In the night, he heard barred owls, their cries so human: Who cooks for you? Who cooks for you? The owls, he imagined, had the faces of pale old men, their expressions vivid and bemused. In the day, he heard the caw of crows. There was the crawk of the raven, more guttural than a crow and with a distinct rolling r, and he considered whether the sound was only in his head and he had summoned the raven from Poe. He loved Poe. He might still, if he ever had the chance to read him again.
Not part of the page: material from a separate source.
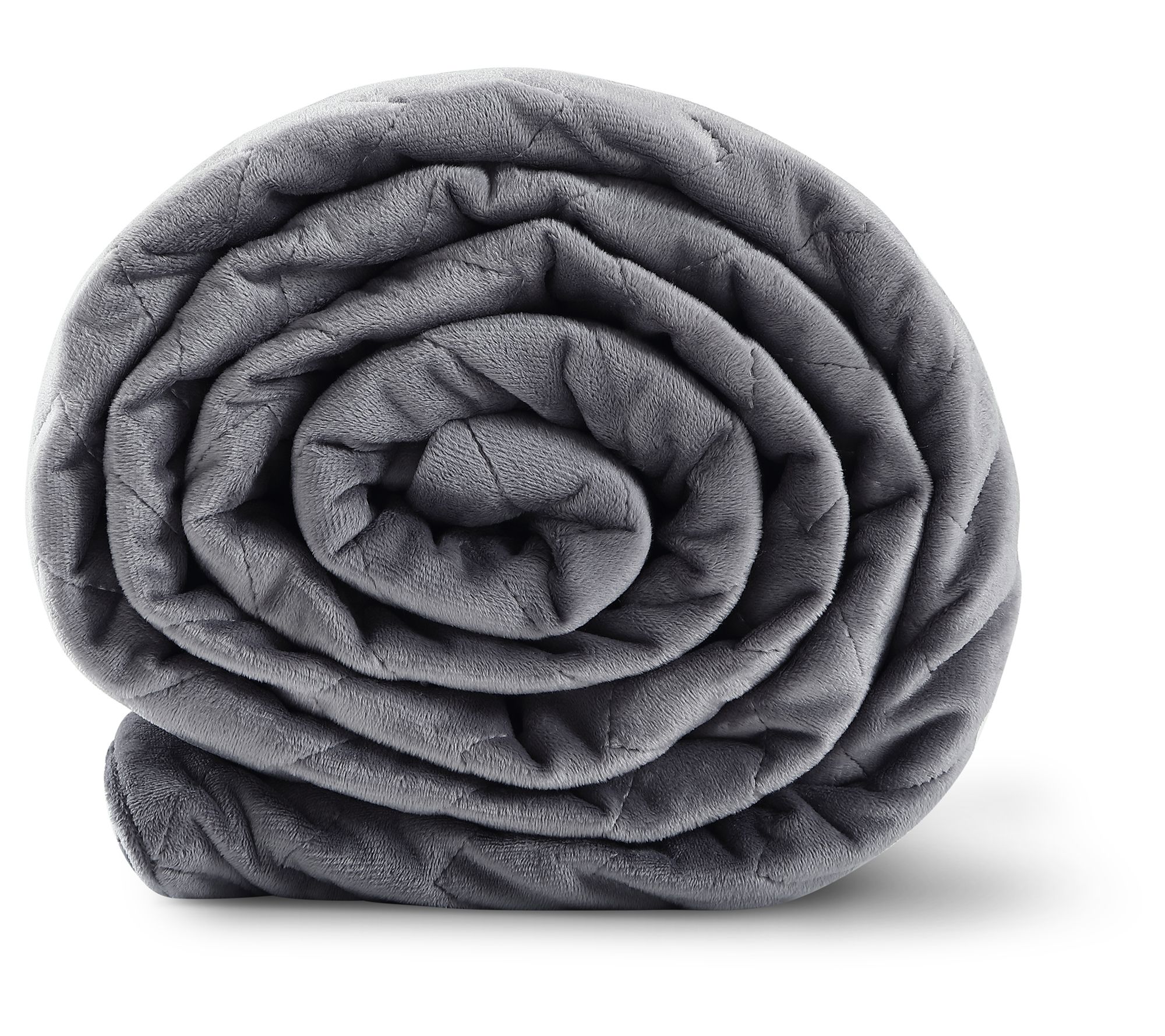 Cozy Tyme Maha 25 LB Weighted Blanket Polyester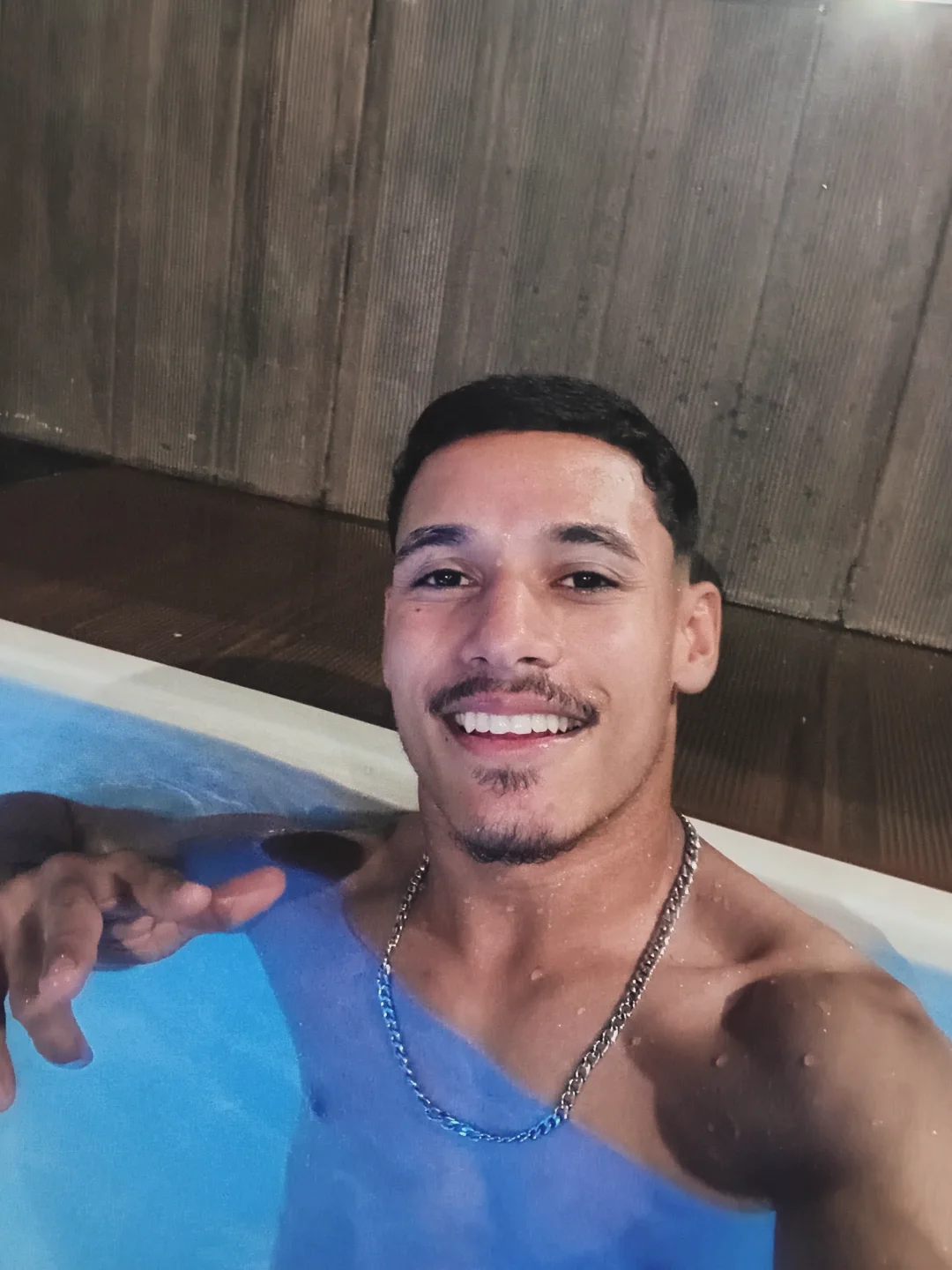 Foto do atleta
No, he wouldn’t. He wouldn’t live to share Poe with his boys.

Nor Dickens.

And the loss left him despairing. His eyes welled, and with his right index finger he caught a few tears and dabbed at his chapped lips, his dry and swollen tongue. Dreams, when they came to him, were cruel, because either they were nightmares—the hail in December was comprised of Minie balls, which he couldn’t evade because he had but one leg; the turkey vultures, gliding against sapphire skies, swooped down upon his left hand and gnawed at the fingers that remained—or they were beautiful recollections of Emily or his boys picnicking beside the Otter Creek, which left him equally tortured upon waking.

It was only when he saw the strange woman in the doorway, her face lit by a candle in a lantern, that he knew, finally, the delirium was ending and that he was, finally, dying.

Or, perhaps, had already died.

Death had come not with a hood and a scythe, but with a bonnet and tallow.